Trzy osoby, w tym dwuletnie dziecko, trafiły do szpitala po dachowaniu pojazdu na drodze S7 w Chęcinach. Na miejsce wypadku, do którego doszło w niedzielę, wysłano cztery zastępy straży pożarnej.
Na tę chwilę zablokowany jest jeden pas ruchu w kierunku Krakowa na S7. – Samochodem osobowym podróżowały trzy osoby. Dwóch uczestników (w tym dwuletnie dziecko) będzie zabranych do szpitala. Zostali oni wydobyci z wraku pojazdu przy użyciu narzędzi hydraulicznych. Kierujący opuścił pojazd samodzielnie, uskarżał się na złe samopoczucie i również został zabrany do szpitala – informował przed godziną 17 st. Kpt. Marcin Bajur, rzecznik prasowy Komendy Wojewódzkiej Państwowej Straży Pożarnej w Kielcach.

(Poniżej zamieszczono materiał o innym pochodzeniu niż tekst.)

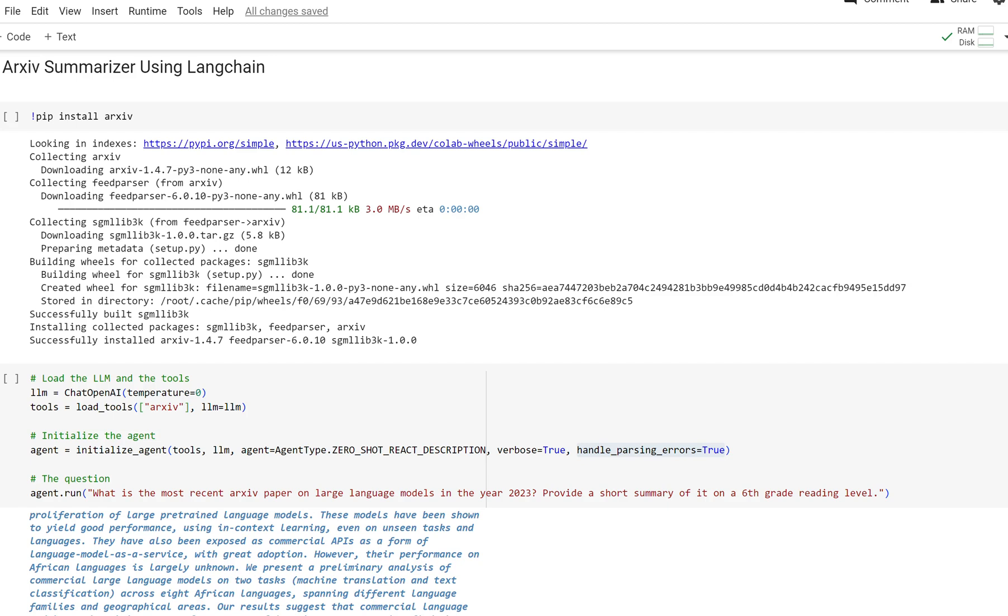Now we're going to pull everything together and build an arcsive summarizer using langchain agents. Arcsive is a repository for research papers famously used for machine learning and data science research.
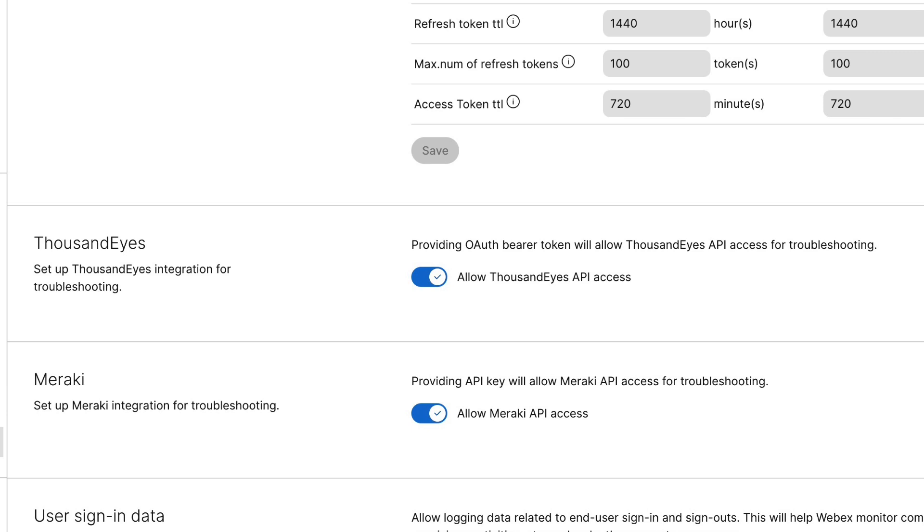Once that's completed, the two platforms will start sharing data, and you'll be able to activate those agents on your devices to run automated session tests.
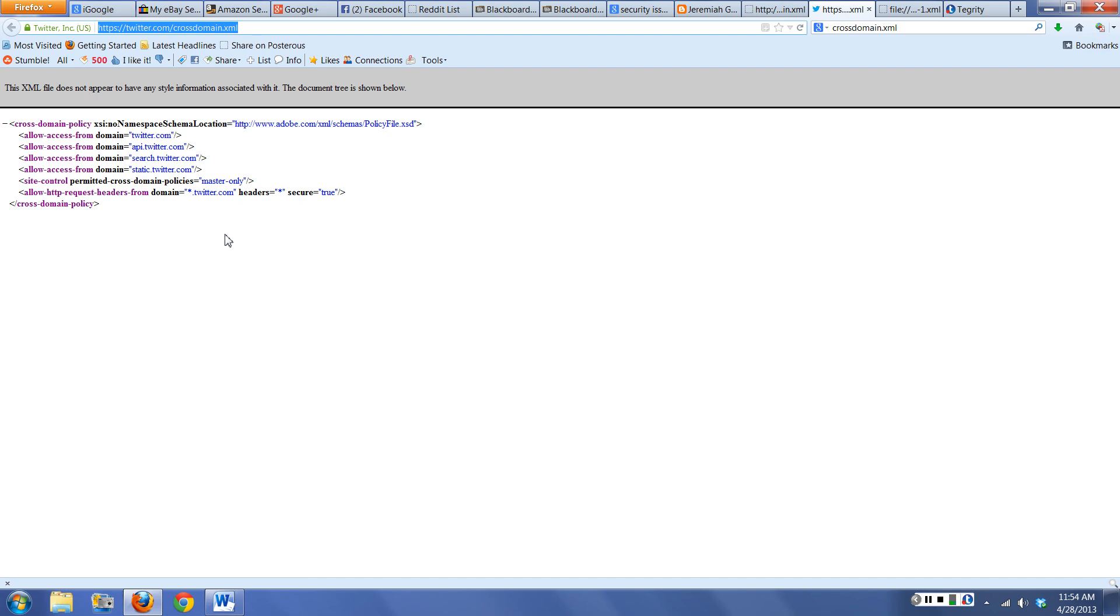Twitter had a lot of problems early on with their cross-domain that actually allowed some hacking activity. The reason they locked it down like this was because these are the only places they want to trust when pulling in data off of Twitter, and this is how they basically want to use it.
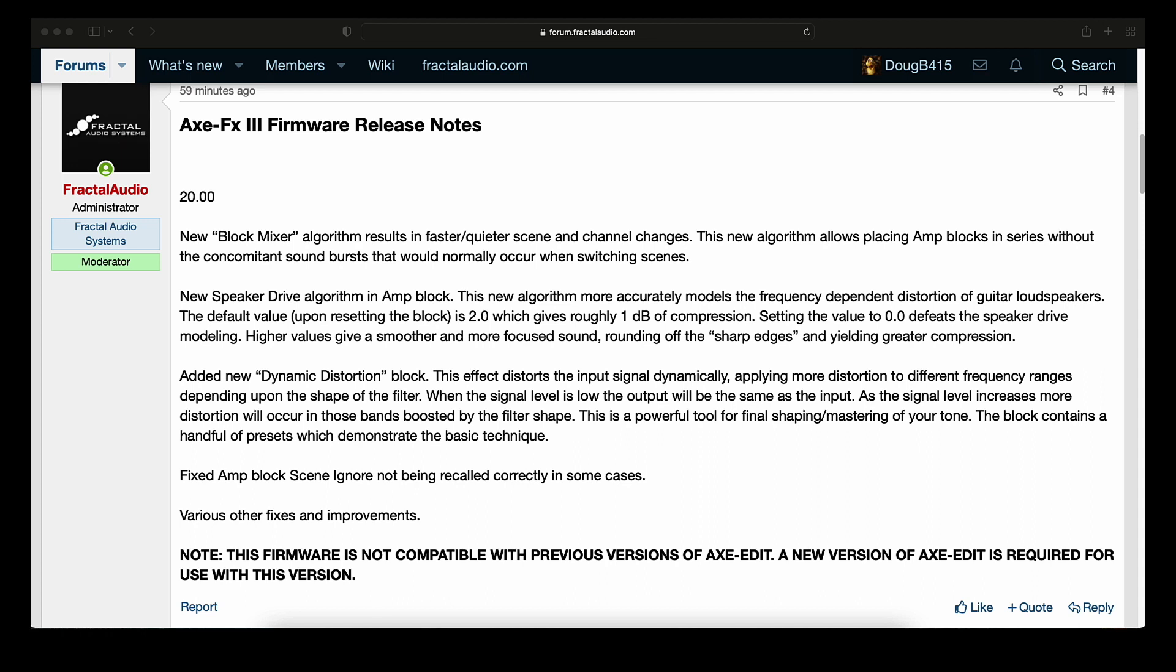So it looks like for this one to take place, you will have to reset the block. Very simple process. Just switch to another amp, and then switch back to the amp that was in it, and that resets it.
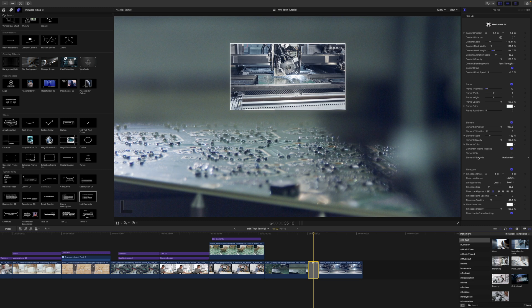Once again, this is George Edmondson from MotionVFX.com. Thank you for checking out this quick tutorial on mHighTech, which is now available on MotionVFX. Be sure to subscribe, and we'll see you on the next one.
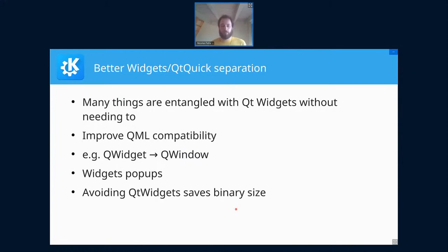A very good reason to avoid a Qt Widgets dependency in your Qt Quick application is that it saves binary size. The Qt Widgets library is something like five megabytes in size, and if your Android APK is five megabytes smaller, that's pretty nice.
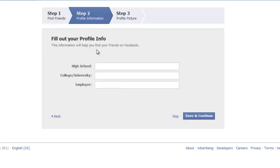Now you're going to fill out some profile info. You don't have to do this if you want. There's a skip button at the bottom. You can fill in your high school, college, university, employer. We're going to skip that.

Policja uzupełnia, że 48 – latek kierujący Toyotą na wysokości węzła w Chęcinach zjechał z drogi i uderzył w bariery. Na skutek tego doszło do dachowania pojazdu. Mężczyzna był trzeźwy. Oprócz niego i dziecka do szpitala trafiła również 46 – letnia pasażerka.